Peters latterly presented three shows on Boom Radio: a Friday show called The Friday Fandango at 6pm, a Saturday show at 4 pm called John's Jukebox and also The Vintage Charts on Sunday at 12 noon. He also presented The Fifties Chart on sister station Boom Light directly following this at 2 pm.

== Early career ==
Peters sent a demo to BBC Radio One in 1968 which got a favourable response from the producers panel, although it did not lead to a job. In 1972 he applied to Radio Luxemburg and performed live in front of the programme director Ken Evans. It came down to two contenders and Mark Wesley got the job.

== United Biscuits Network and Radio Trent==
Peters was contacted in 1974 by UBN's programme director Adrian Love (son of Geoff Love) while working at a Relay Station operated by the Post Office through which UBN broadcast to factories in Osterley (studio base), Liverpool, Manchester and Tollcross in Glasgow. Peters had already met Roger Day on air and was keen to work there. Peters joined in April 1974.
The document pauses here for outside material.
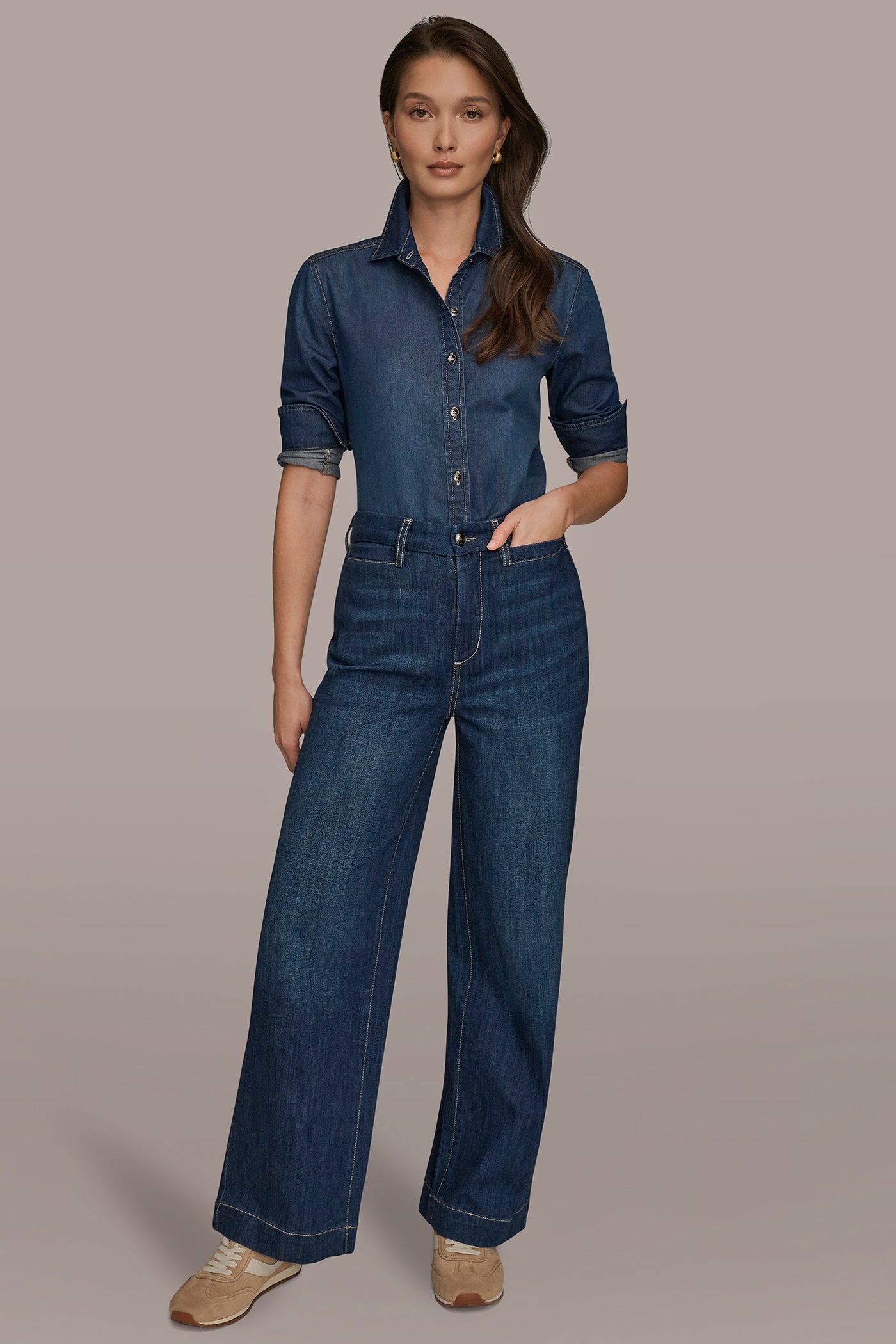The Dayton THE DONNA HIGH-RISE WIDE-LEG JEAN Donna Karan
In 1975, Radio Trent were looking for presenters and Bob Snyder (Radio 270) who was also in the UBN line up, was to become Trent's programme director. Peters left UBN in May 1975 and moved to Nottingham to help set up the area's first commercial radio station. The station, Radio Trent, was launched on Thursday 3 July 1975, and he hosted its first programme. He spent several years with Trent and hosted many shows including Trent Top 30, which was also later broadcast on Leicester Sound and Derby's Trent 945 (later called Ram FM) before moving to its medium wave service, GEM-AM, when this was established in 1988 as a result of Independent Broadcasting Authority requirements over the simulcasting of programmes on both the AM and FM frequencies.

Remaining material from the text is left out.